VERO BEACH -- The enthusiasm of the cast of Riverside Theatre's final main stage show, "Grease" is as contagious as the iconic songs in the musical.

Leather jackets, high heeled pumps, cigarette smoke and energetic music and choreography in the musical number "Summer Nights," got the opening night audience in the mood for a trip back to high school for drama, romance and cliques.

"Grease" premiered on Broadway in 1972 and has delighted audiences ever since, and Vero Beach's production will definitely keep that streak alive.

The Vero Beach professional theater teamed up with the Walnut Street Theatre in Philadelphia to co-produce the musical, said Allen Cornell, producing artistic director.

The production of "Grease" will run in Vero Beach through May 4, then move to the Philadelphia stage through July 14, he said.

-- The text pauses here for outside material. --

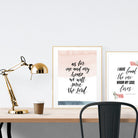 Serve The Lord {Poster} - Posters by Branches and Strokes, The Commandment Co , Singapore Christian gifts shop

Walnut Street Theatre first opened in 1809 as an equestrian circus, and has remained an entertainment venue ever since. It is the oldest theater in America and with more than 56,000 subscribers is the most subscribed theater company in the world.

Matthew Ragas and Laura Giknis played the leads of Danny Zuko and Sandy Dumbrowski in Riverside Theatre's production.

As Danny, Mr. Ragas successfully balanced the tightrope of his character's too-cool-for-school and puppy love personas, while Ms. Giknis as Sandy played her wholesome character to perfection as well.

The pair only sang together twice, but their musical performances left the audiences with warm and fuzzy romantic feelings, full of nostalgia for their days of young love.

The sarcastic and worldly Betty Rizzo was played by Kate Fahrner. Ms. Fahrner stood out among the cast by her onstage presence, taking her character's rough and seemingly uncaring behavior to just the right level. Her voice in "Look at Me, I'm Sandra Dee," was rich and lusty, with a touch of vibrato where appropriate.

Eric Kunze played double duty as both radio disk jockey Vince Fontaine and the Teen Angel in the "Beauty School Drop Out" musical number.

Mr. Kunze's melodious and honeyed voice rang from the rafters as he smoothly crooned and danced to one of the musical's most well-loved songs.

The production is fraught with 1950s-era clothing, hairstyles, phrases and dance moves, making for a fun show that will have audiences humming the songs long after the performance is over.

From "Alma Mater Parody" to "We Go Together" the company's dance routines are both high in energy and jam-packed with fast-moving lyrics Both theaters should be proud of the talent level of the cast members involved in the production. Tickets are $36-$70. Matinee and evening performances are available.